Perguntas frequentes
Quanto devo dar de lance para ser contemplado?
Não existe valor que garanta. O lance vencedor depende das ofertas dos demais consorciados naquela assembleia e muda a cada uma. O histórico de contemplações do seu grupo, obtido pelo canal oficial, é a melhor referência disponível.
Um lance alto garante a contemplação?
Não. Ele aumenta a chance de vencer a disputa daquela assembleia, e nada além disso.
Posso dar lance mais de uma vez?
As regras de oferta — quando, por qual canal e com que frequência — são as do seu grupo e constam do contrato.
Se meu lance não vencer, perco o valor?
Lance não vencedor não contempla, e o tratamento da oferta segue as regras do grupo. Confirme esse ponto específico no contrato antes de ofertar.
Vale mais a pena lance ou sorteio?
Não são alternativas: ambos são apurados na mesma assembleia, e todo consorciado em dia concorre ao sorteio sem custo. O lance é a única variável sobre a qual você tem controle — mas usá-la só faz sentido dentro do que o seu caixa suporta.

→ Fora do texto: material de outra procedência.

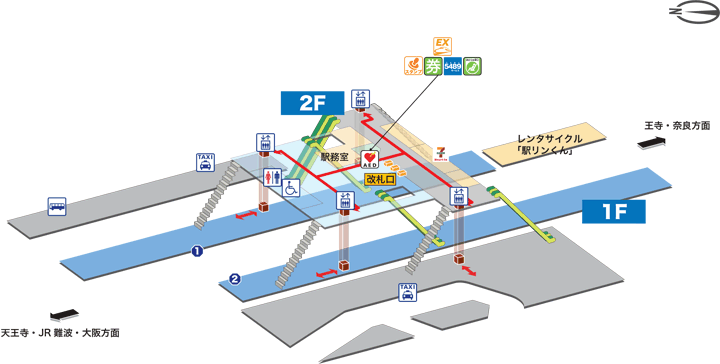 JR関西本線J八尾駅構内図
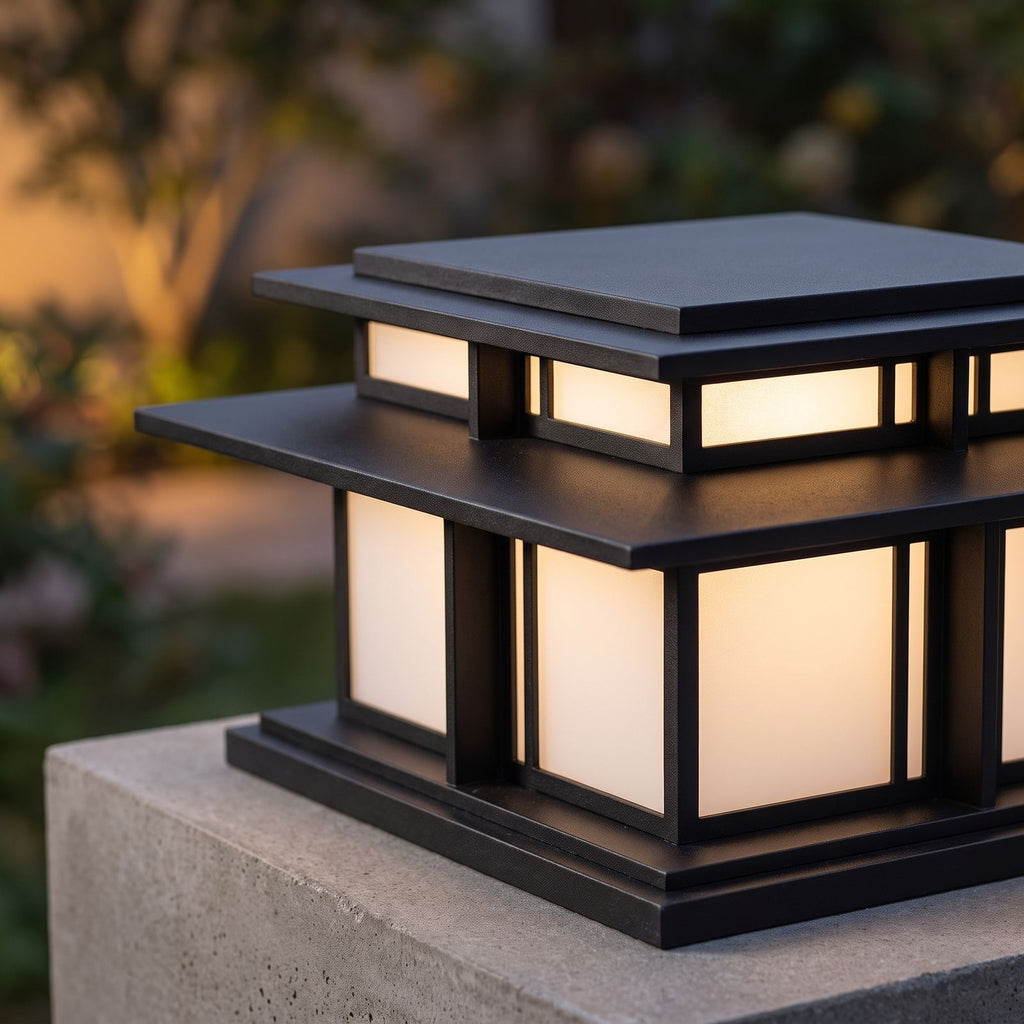 Tiered Roof Black Metal Frosted Acrylic Pillar Light: close-up of the materials and finish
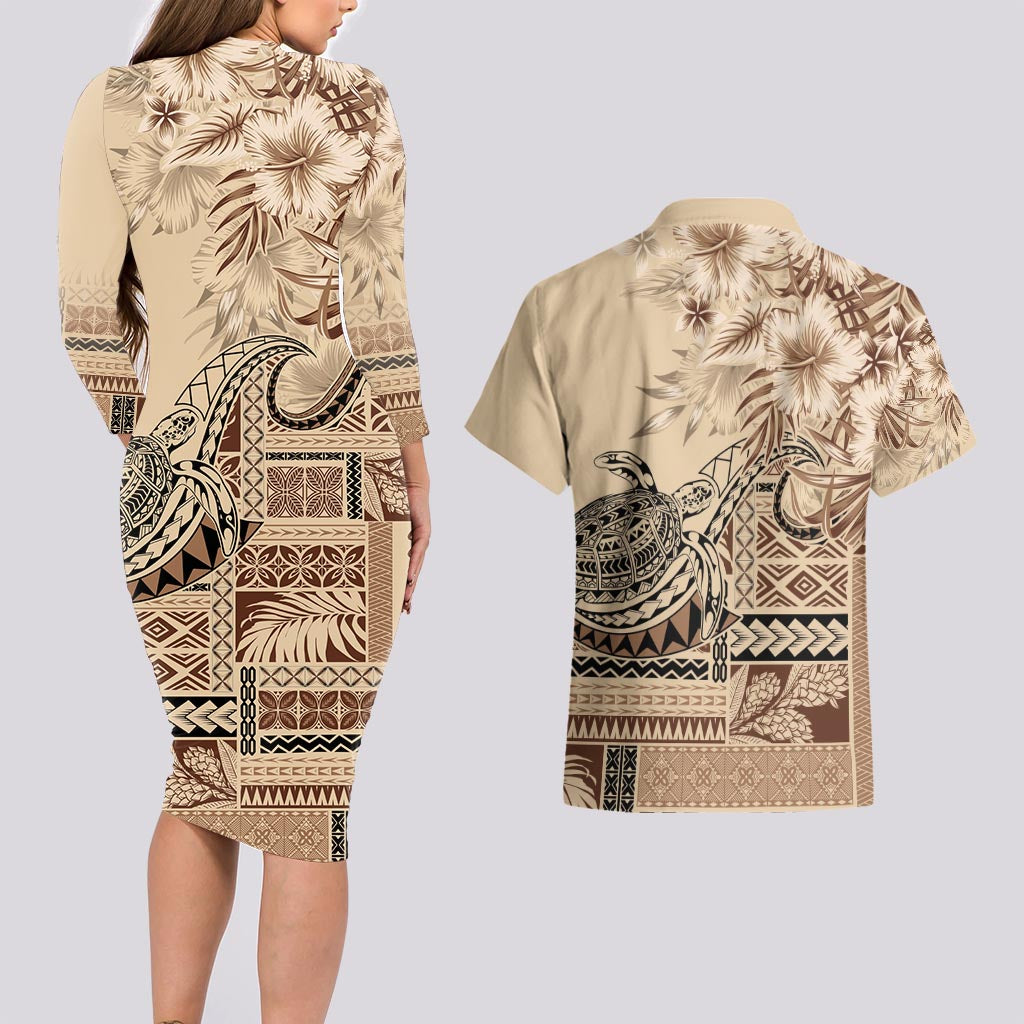 Vaiaso o le Gagana Samoa Couples Matching Long Sleeve Bodycon Dress and Hawaiian Shirt Siapo Motif Beige LT7 - Polynesian Pride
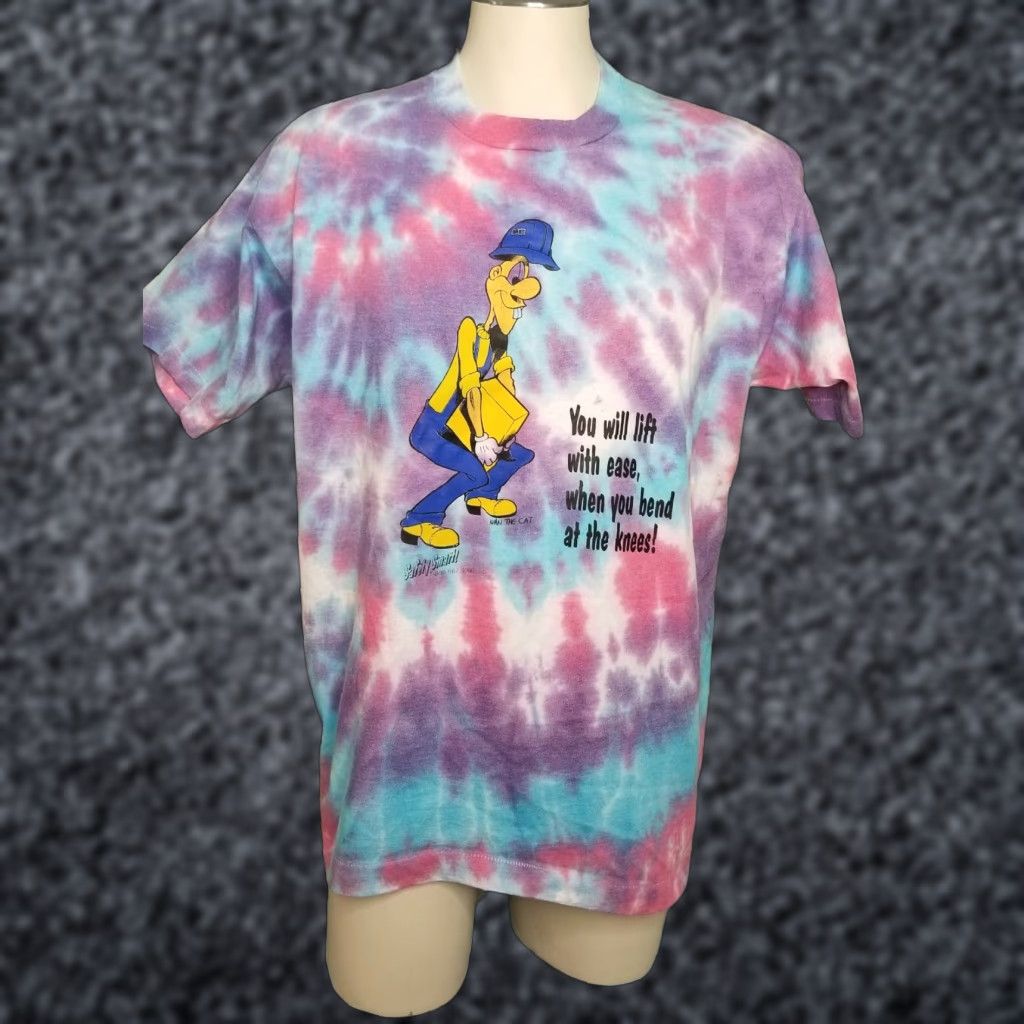 Fruit Of The Loom VINTAGE Fruit of the Loom Men's L Tie Dye T-Shirt 90s Ivan the Safety Cat Short Sleeve Cotton Blend Men Size US L / EU 52-54 / 3 - 1 Thumbnail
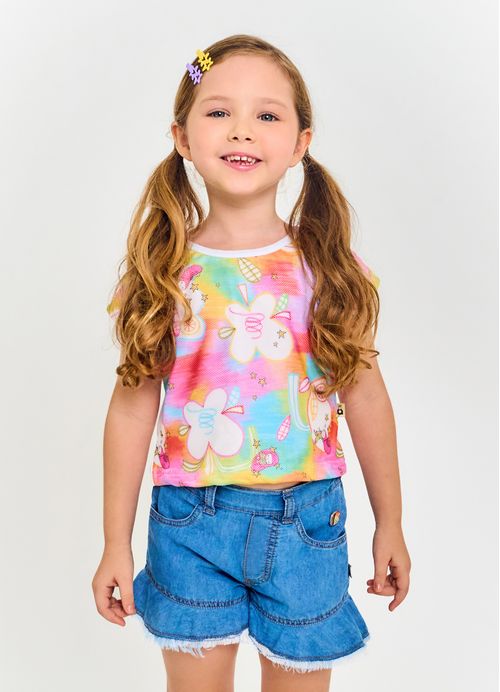 Short  Infantil Menina Estampa Desfiadinho- Tam. 2 a 12 anos - Jeans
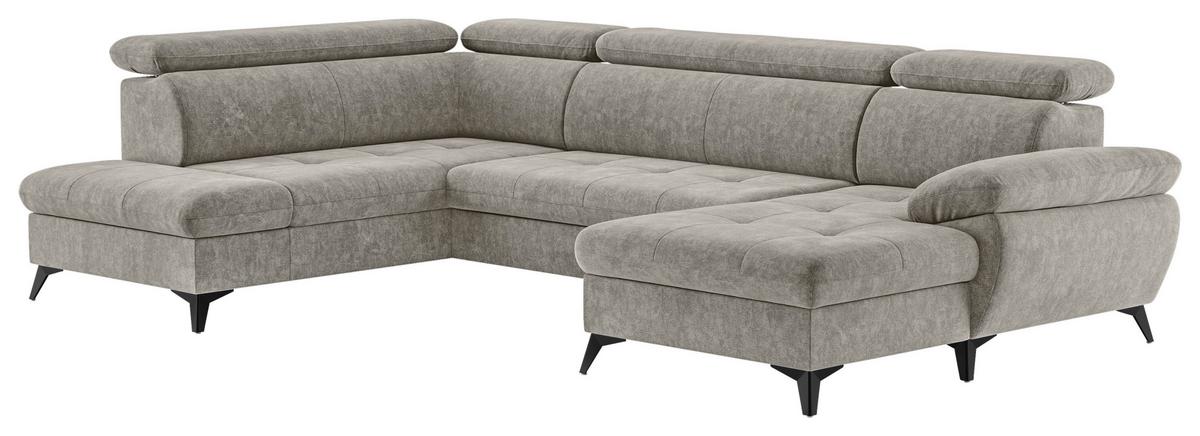 Wohnlandschaft mit Bettkasten Hudson Schlammfarben - Schlammfarben/Schwarz, Textil (207/324/166cm) - MID.YOU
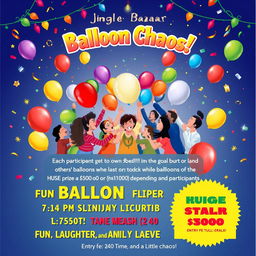 A vibrant and festive poster design for a Christmas carnival event named 'Jingle Bazaar', showcasing a fun-filled game called 'Balloon Chaos'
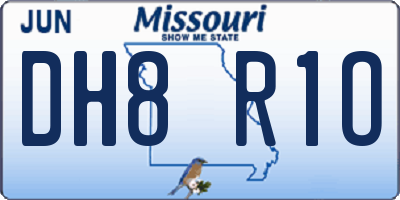 MO license plate DH8R1O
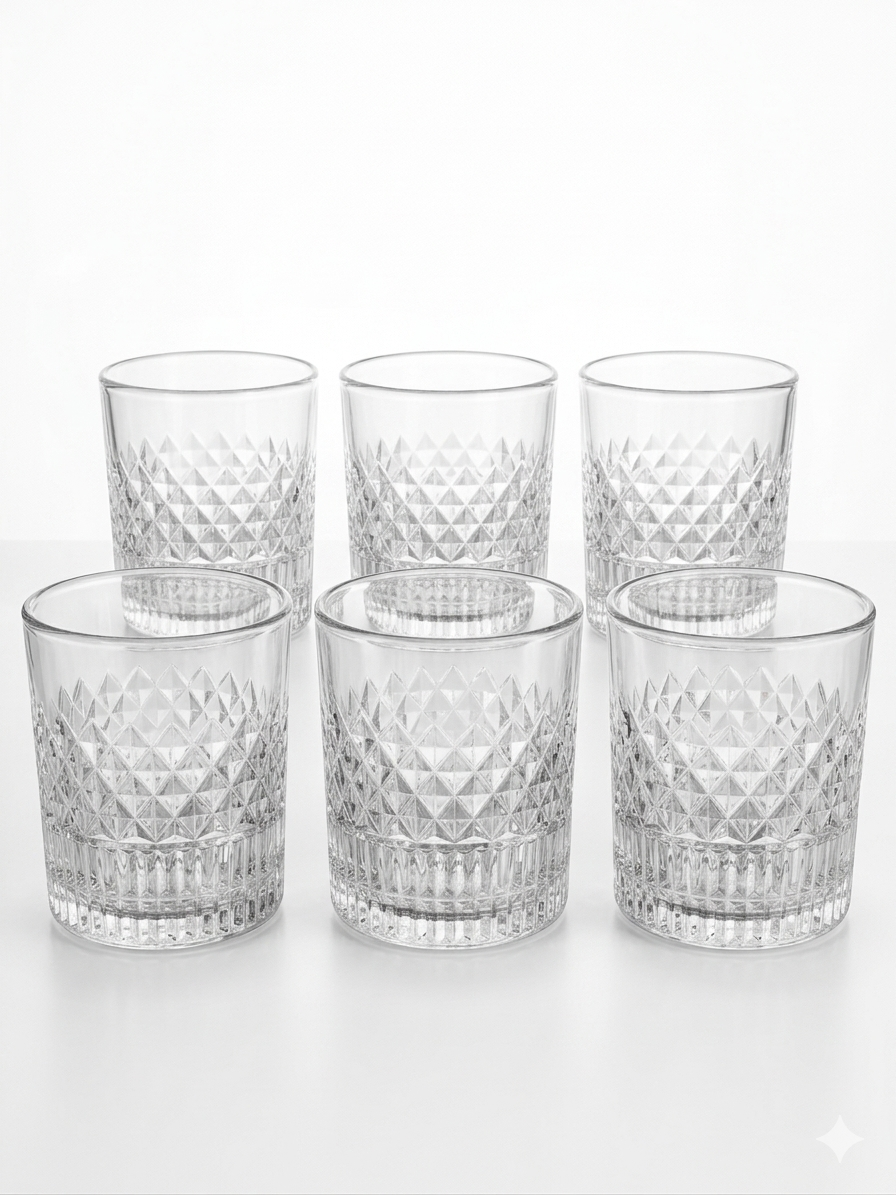 Crystal Diamond-Cut Premium Juice Glass Set of 6 (300ml) 10081831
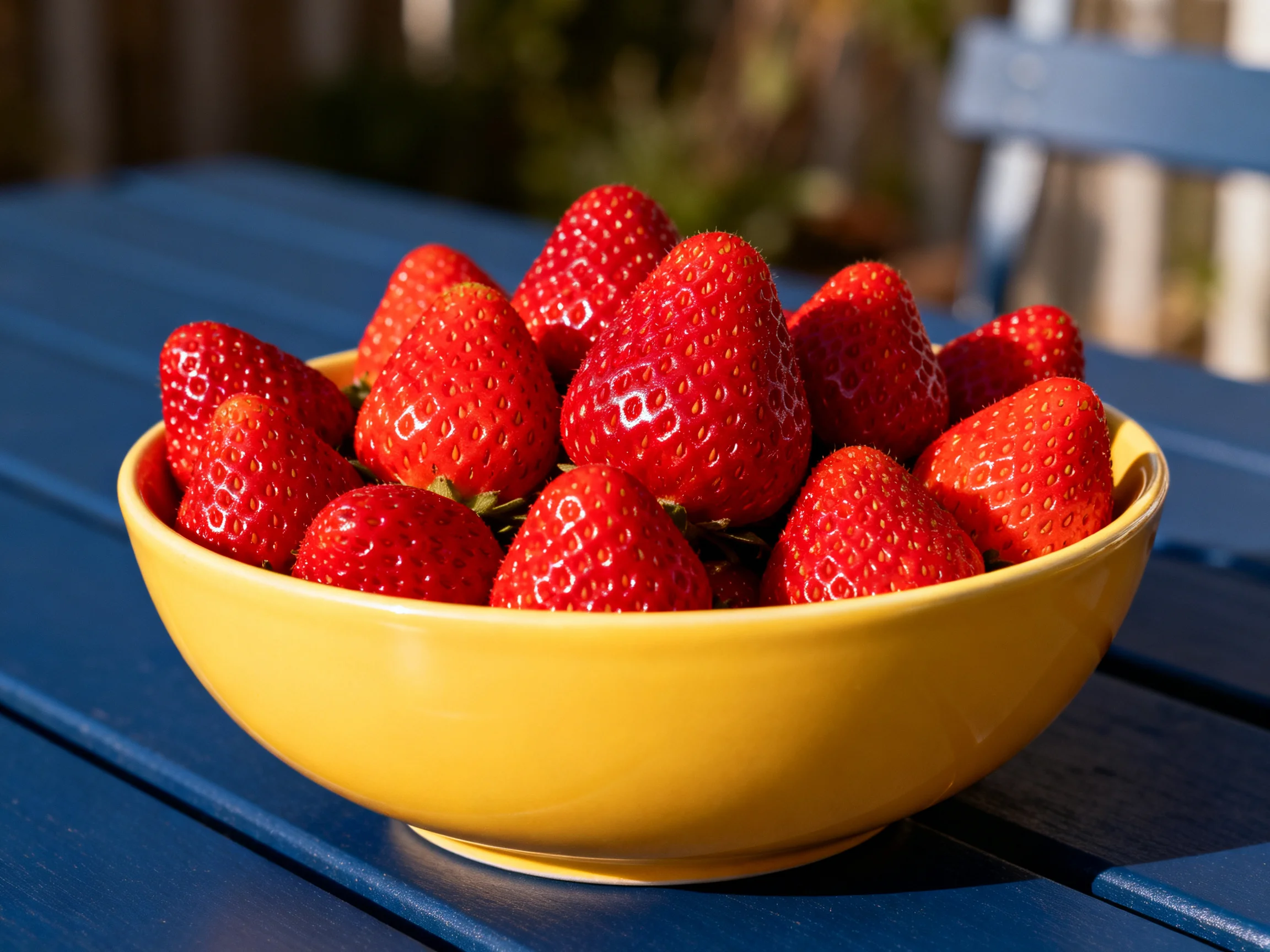 A yellow bowl brimming with ripe red strawberries on a blue table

Os grupos de consórcio apresentados pela MOVECON são administrados pela Alpha Administradora de Consórcio Ltda., CNPJ 90.982.679/0001-54, administradora autorizada a funcionar pelo Banco Central do Brasil sob o certificado nº 03/100/213/88. Modalidades de lance, percentuais admitidos e critérios de apuração variam conforme o grupo e constam do contrato de adesão. A contemplação ocorre por sorteio ou lance em assembleia e nenhuma data pode ser prometida — nenhum valor de lance assegura contemplação.